If it be assumed in favor of the plaintiffs that the re-amended bill is designed primarily to attack the foreclosure of the mortgage held by the Equitable Trust Company of New York on the ground of conspiracy, lack of jurisdiction and otherwise, and the further averments of conspiracy against the new defendant, then manifestly the cause of action is different from that set out in the earlier pleadings. An amendment setting out such a new cause of action could not rightly have been allowed. It would be a different cause of action from that set forth in the earlier pleadings. G. L. c. 231, § 138. Herlihy v. Little, 200 Mass. 284, 289. Bowen v. Fairfield, 260 Mass. 38, 40, 41, and cases there collected.

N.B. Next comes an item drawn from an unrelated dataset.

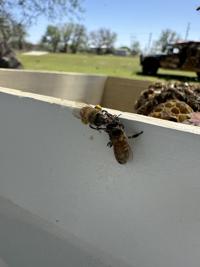 680804bb506a8.image.jpg?resize=200%2C267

It is not necessary to inquire whether it would be open to the plaintiffs in this proceeding under their pleadings to attack the proceedings connected with the foreclosure of the mortgage in the district courts of the United States, Farquhar v. New England Trust Co. 261 Mass. 209, or whether (1) those courts were without jurisdiction, and (2) their jurisdiction can be assailed in this proceeding, Old Dominion Copper Mining & Smelting Co. v. Bigelow, 203 Mass. 159, 206-214.
Interlocutory decrees affirmed.
Final decree affirmed with costs.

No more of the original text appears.